Intensive care for brain injury after cardiac arrest: therapeutic hypothermia and related neuroprotective strategies

Romergryko G Geocadin, Matthew A Koenig, Robert D Stevens, Mary Ann Peberdy
Critical Care Clinics 2006, 22 (4): 619-36; abstract viii
Neurologic injury is the predominant cause of poor functional outcome in patients who are resuscitated from cardiac arrest. The management of these patients in the ICU can be challenging because of the paucity of effective therapies and lack of readily available diagnostic and prognostic tools.
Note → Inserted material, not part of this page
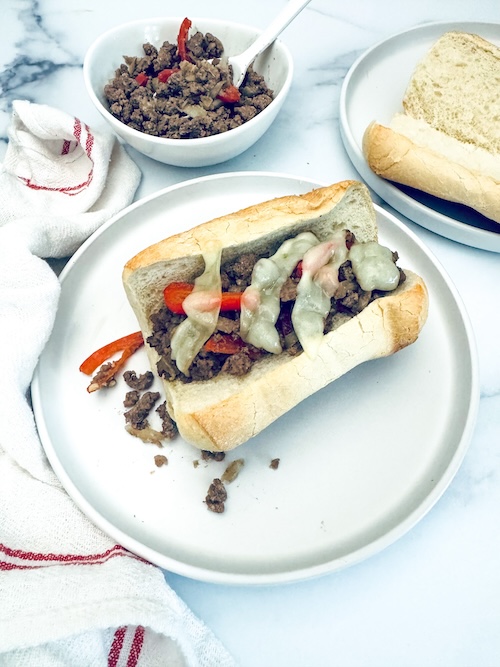 Ground beef cheesesteak in a roll.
After several decades of failed pharmacologic neuroprotection trials, recent and well-designed randomized trials showed that therapeutic hypothermia is an effective neuroprotective measure in comatose survivors of cardiac arrest. Therapeutic hypothermia has been recommended by the International Liaison Committee on Resuscitation and has been incorporated in the American Heart Association CPR Guidelines. The American Academy of Neurology recently enhanced the delivery of care in survivors of cardiac arrest by providing evidence-based practice parameters on the prediction of poor outcome in comatose survivors of cardiac arrest, based on clinical evaluation and diagnostic tests. This article discusses these advances and their potential impact on the care provided in the ICU.